Pour conclure, juste une réponse à votre dernière phrase : « N’est-il pas temps de prendre ses distances avec ce combat qui a l’air de plus en plus un combat opportuniste d’arrière garde, pour prendre la voie de la banalisation ? ». En fait, j’ai envie de vous répondre : « mais de quoi je me mêle ? ». Je trouve toujours ça magnifique tous ces gens qui se permettent de décider de ce qui est bien ou non pour les homosexuels. Les homosexuels ont leur histoire propre, leur vécu, leurs associations qui les défendent très bien : mais toujours, il faut que quelqu’un – un hétérosexuel de préférence – vienne nous dire ce qui est bon pour nous. Un peu comme cette histoire de mariage : « ils ont le PACS, c’est suffisant, le mariage, ils en ont pas besoin ». Mais mince alors ! Laissez nous décider nous même de ce qu’on veut ! On est adulte, on est assez grand pour savoir ce qui est bon ou mauvais pour nous ! Il a fallu qu’on se cache et qu’on se taise pendant des décennies en France parce que les hétérosexuels en avaient décidé ainsi ; l’homosexualité a été condamnée par la justice parce que les hétérosexuels en avaient décidé ainsi ; on nous interdit le mariage parce que les hétérosexuels en décident ainsi. C’est simple : on ne vous demande rien. Ou plutôt on veut tout, comme vous. Ni plus, ni moins. Et on ne veut surtout pas de votre avis sur comment on devrait vivre ! Ou ne pas vivre plutôt… Puisque vos choix reviennent à ça pour nous !

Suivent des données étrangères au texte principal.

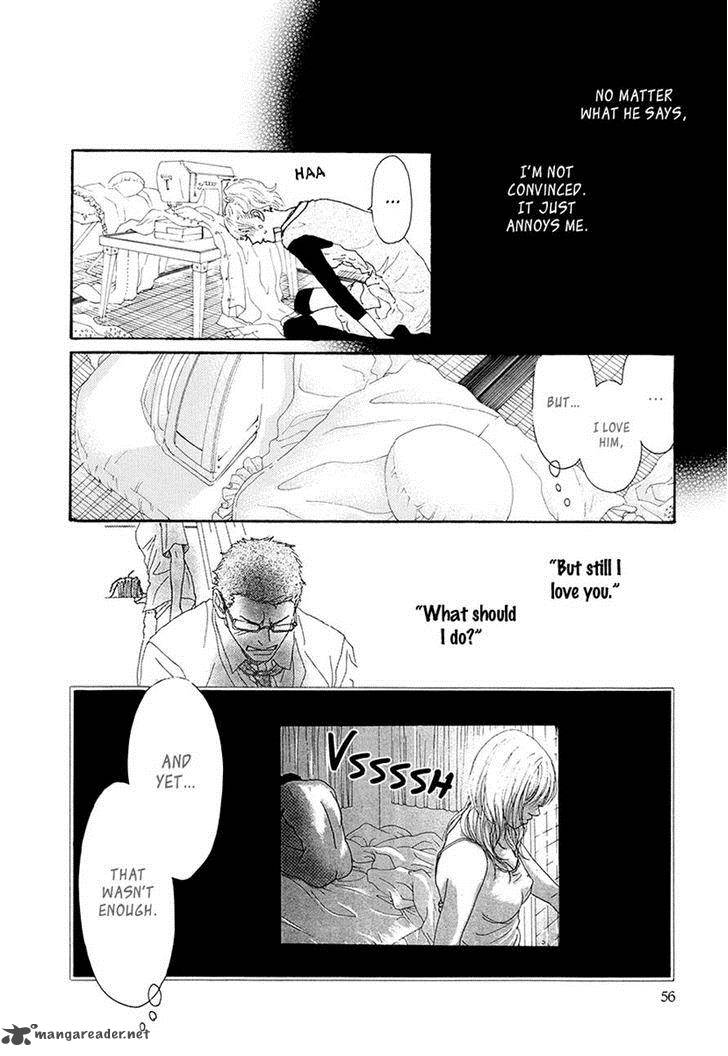piece_of_cake_26_16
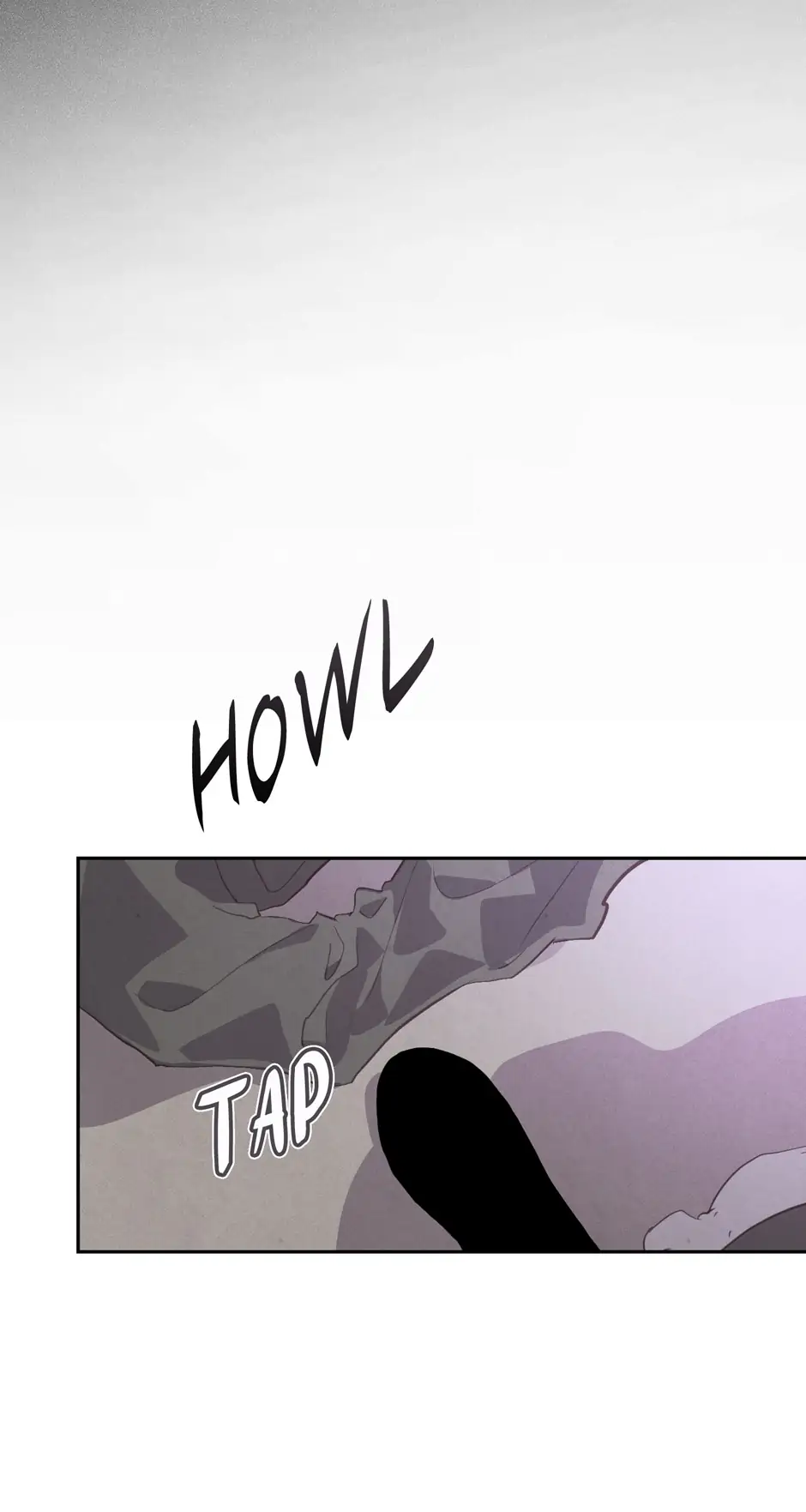 Stigma Effect Chapter 36 - Page 28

Vouloir limiter la liberté d’expression, cela revient à la supprimer…
Ce qui revient à militer contre votre cause, car pour l’instant, ce sont surtout dans les pays où la liberté d’expression est “limitée” que l’on ne tolère pas les homosexuels.

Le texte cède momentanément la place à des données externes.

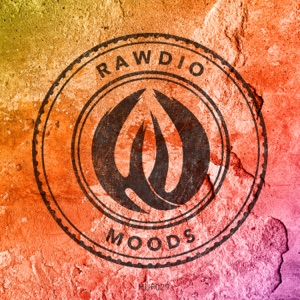 Moods - Single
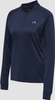 NL500110-1009_2.png NL500110-1009_2.png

Ensuite, par rapport au mariage, en tant que libéral, j’estime que l’Etat n’a pas à se soucier ou à favoriser les rapports intimes entre les individus. Accorder des privilèges étatiques parce que des personnes se seraient unies sexuellement est une discrimination vis-à -vis des célibataires et une immixtion de l’Etat dans la sphère privée.
Par contre, la seule raison qui justifierait à mon sens le mariage civil, c’est le droit d’adoption. Car le droit naturel d’un enfant est d’avoir un père et une mère. Si l’un des deux venait à manquer, l’Etat, qui devrait avoir pour seul mandat de garantir les droits naturels à un individu, se doit de repourvoir à l’enfant le parent manquant.
Si un enfant n’a pas de père, l’Etat doit lui retrouver un père, si un enfant n’a pas de mère, l’Etat doit lui retrouver une mère.
Et je tiens à souligner l’évidence qu’un individu de sexe masculin ne peut jouer le rôle de la mère et qu’un individu de sexe féminin ne peut jouer le rôle du père.